So 53 activists walk into a rest area in Genoa, Ohio......

It was cold in Chicago that Saturday evening. I had read the weather report for Sunday at DC and it said 70 and sunny. I didn't want to pack too much so I wore a lighter, comfy outfit to march in, but at that moment I was regretting it. Dan handed me my bags, loaded with entertainment for a 14 hour bus ride, gave me a kiss and wished me luck. As soon as I turned around I was approached by a man with a clipboard.
"Want to sign our petition for Jacob Meister?" I looked at him, at my arms of loaded stuff, and at the group of people already gathering.
"Um.....who?"
"He's running for office as an openly gay candidate."
"Oh okay!"
"...and he's giving everyone snack bags for the bus ride"
"Awesome! Then I guess I'll give you my real name!"
After I signed their paper I looked around for familiar faces. It felt like I was the new kid at a very fashionable school. The people I did know from JTI were crazy busy trying to keep things organized and I didn't want to get in their way. Finally I saw three people I had met at the poster making party. I had spent an hour with them there, surely they wouldn't mind me hanging out with them for 14 more?
After a little bit we found out we could get our bus assignments. Since we were freezing we wanted to get on a bus right away so we got in line for bus #1.

If you listen closely you hear future Rachel screaming "Noooooooooooooo!"

Finally all 53 of us were on and ready to go. We made jokes, laughed at porn, watched the first half of Season 1 of "Maude", etc. The energy and excitement filled the bus. We were going to witness history! Then we got on the highway......
"Um..is anyone else feeling that vibration?"
Soon the back of the bus was turned into one huge vibrator. Our feet were numb, our eyes were shaking, our ears were filled with the protests from the bus.

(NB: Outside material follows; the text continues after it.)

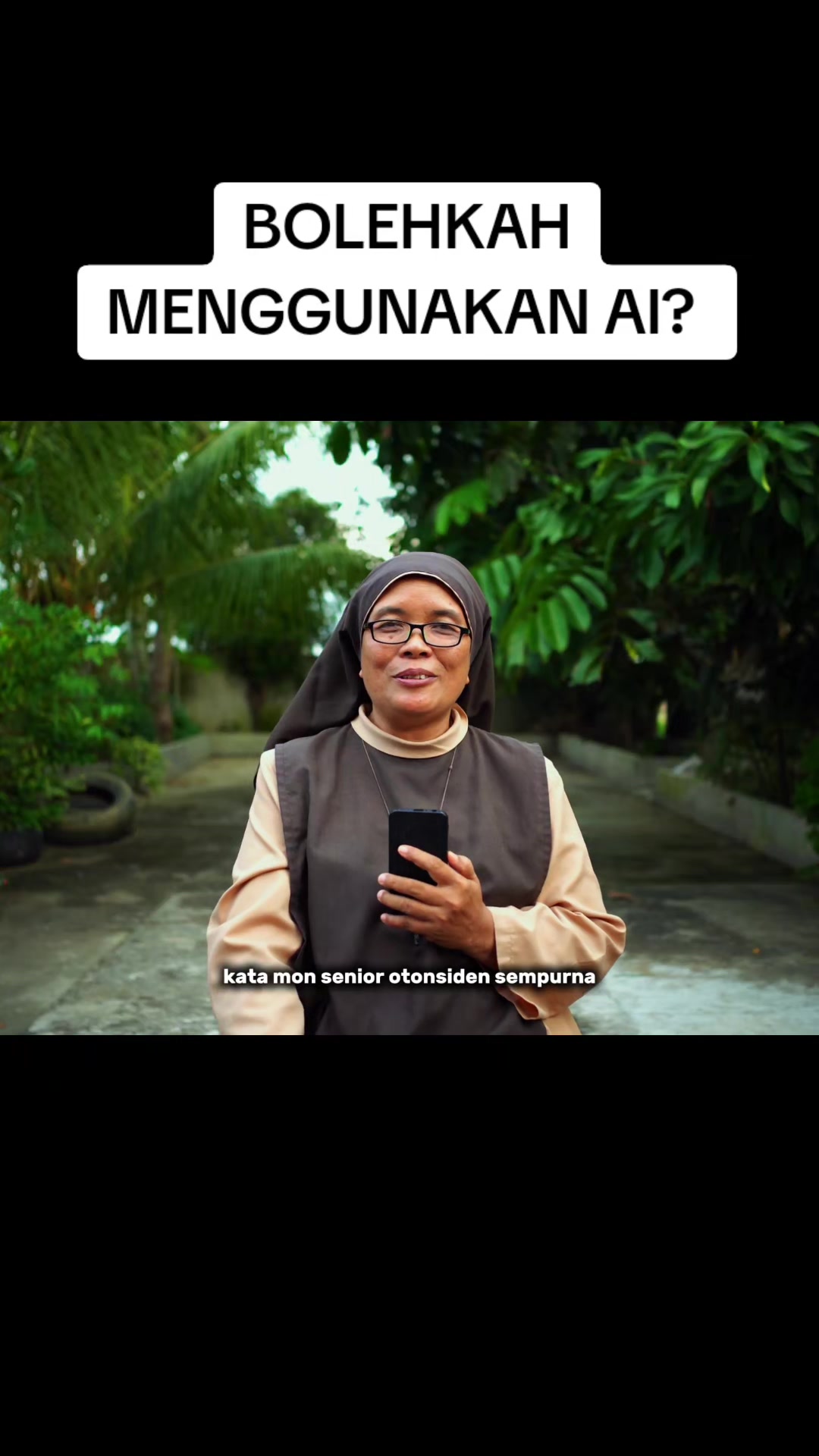 @Renungan Rumah Belas Kasih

After a while we pulled into a rest area in the middle of Nowhere, Ohio. I saw our bus captain Matty immediately put on his game face as he approached the bus driver. There was a lot of pointing at the bus, serious nodding, and phone calls being made. None of us thought much of it, my focus was taking care of my angry bladder. I took off at a polite run yelling "Excuse me! My bladder doesn't DO bus bathrooms!!!" as I weaved in and out of people.
Once that emergency was averted I strolled into the food section of the rest area. Hardees was the only place open at midnight and I giggled as the surprised employees ran around trying to feed the 50 people in line. I am not a fan of Hardees (especially at those prices!) and decided to get snacks at the little shop around the corner. Two Tabasco Slim Jims, a bag of Pepperoni Pizza Combos, and a Coke later I found my little group and sat down.
Spirits were still high in Ohio so we spent the time joking, eating, and talking about the rest of the trip on our bus (officially labeled "The Vibrator"). We saw Matty and Missy running around a bunch, talking frantically on their phones. Then the rumors started flying from different people;
"They are sending a mechanic."
"They are sending another bus."
"They are sending a mechanic and then a bus."
"They are sending a new bus, but on the way home we have to stop here and get back on this bus and ride it the rest of the to Chicago."
"It should be fixed soon."
I decided to not believe anything until I heard directly from Missy or Matty. Instead we started playing Boggle. Our little group (Mariela, Farrin, Michael, & Jerry) soon expanded to MJ and Messina. After one game the 7 of us were laughing, swearing, and bonding. I decided to show my true colors so I was playing standing on a chair, ass in the air pointed at any poor soul that decided to visit Ohio, spewing out such classic one liners as "Wait.....we get to use school in this game?!"
More time passed.

Matty and Missy's updates became fewer and fewer. Their phone calls became more and more. Time past faster and faster.
Around 1 AM the group's attitude shifted. You were able to pick the realists from the hopeful. I was surprised to learn that I was a hopefulist. Messina and I did the math and tried to tell people that as long as we left in the next 3 hours we would be okay. Michael and Farrin told us that we weren't calculating the extra time it would take us to get through Pennsylvania due to the mountains. People started talking about heading back so that we could at least make it back in time for the Chicago Rally.

More time passed.




Finally the moment arrived. Missy and Matty had us circle up. I can't imagine how they felt as they stood in front of 51 faces, 51 faces that still had a slight glimmer of hope.
"We have called everywhere. Bus companies, van companies, car companies, everywhere. We can't get anything. Our bus company has a bus, but they can't find a driver. As of right now we are missing the March. It seems likely we are missing the rally afterwards."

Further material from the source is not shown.